> Extracted material
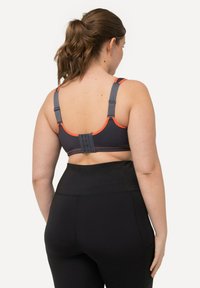 Sujetador deportivo en gris con acentos naranjas, tirantes ajustables y cierre posterior con gancho y ojal. Combinado con leggings negros de cintura alta.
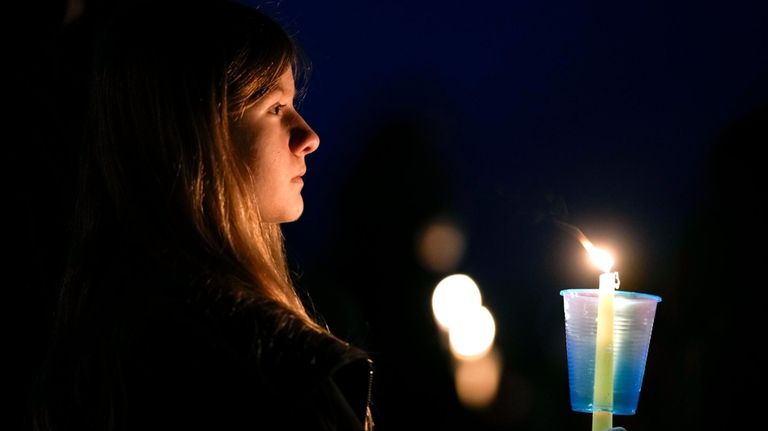 A local resident prays during a candlelight vigil following a...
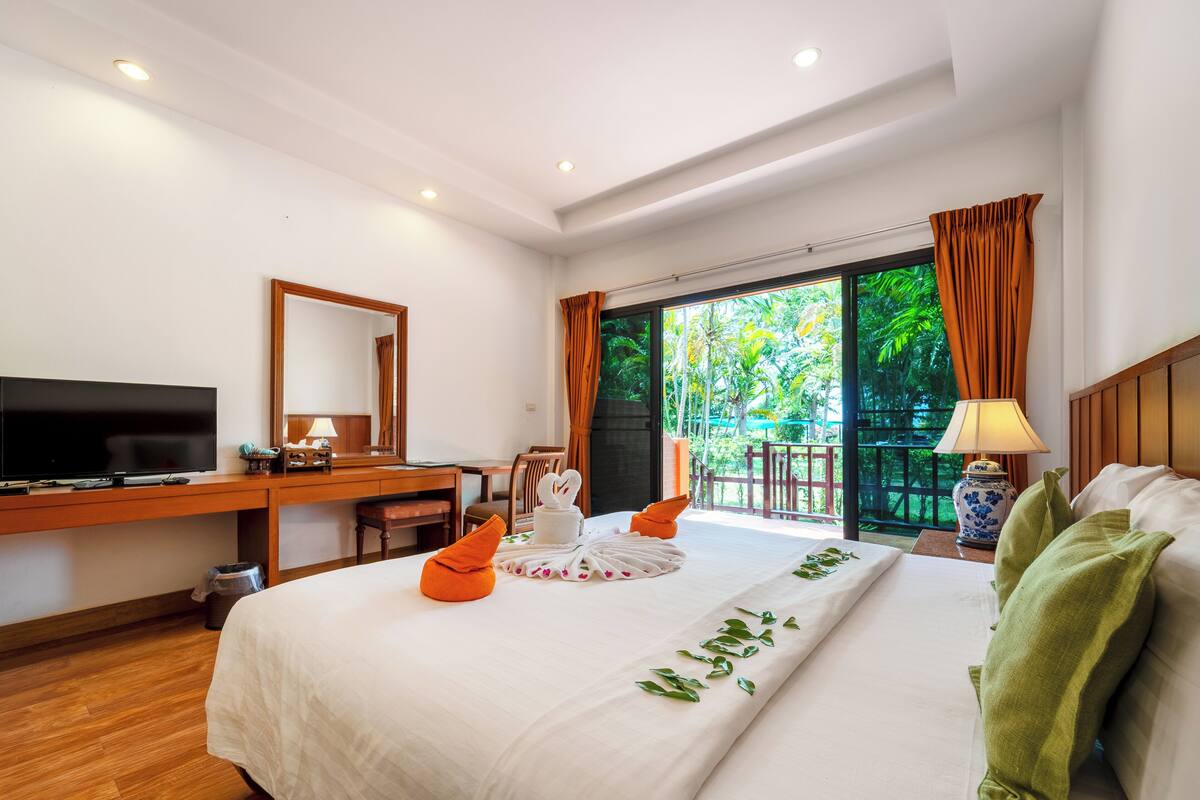 A hotel room with a bed, a desk with a television, a chair, a window with curtains, and a view of greenery outside.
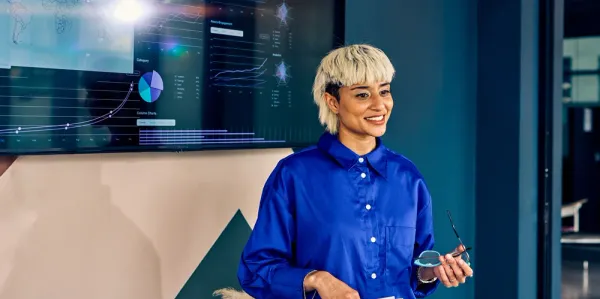 Lady with blonde hair holding glasses giving a presentation in front of a screen with lots of data.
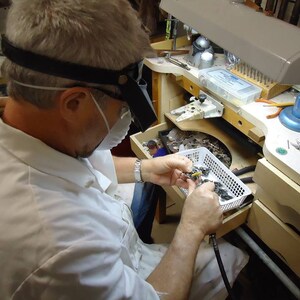 May include: A person wearing a white lab coat and a face mask is working on a small piece of jewelry. They are using a magnifying glass and tweezers to carefully examine the piece. The jewelry is in a small white basket on a workbench. There are various tools and supplies on the workbench, including a lamp, a pair of pliers, and a small container of beads.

> Problem details
In your copy, repeat the records above exactly and include no images.

> Solution
 Sujetador deportivo en gris con acentos naranjas, tirantes ajustables y cierre posterior con gancho y ojal. Combinado con leggings negros de cintura alta.
 A local resident prays during a candlelight vigil following a...
 A hotel room with a bed, a desk with a television, a chair, a window with curtains, and a view of greenery outside.
 Lady with blonde hair holding glasses giving a presentation in front of a screen with lots of data.
 May include: A person wearing a white lab coat and a face mask is working on a small piece of jewelry. They are using a magnifying glass and tweezers to carefully examine the piece. The jewelry is in a small white basket on a workbench. There are various tools and supplies on the workbench, including a lamp, a pair of pliers, and a small container of beads.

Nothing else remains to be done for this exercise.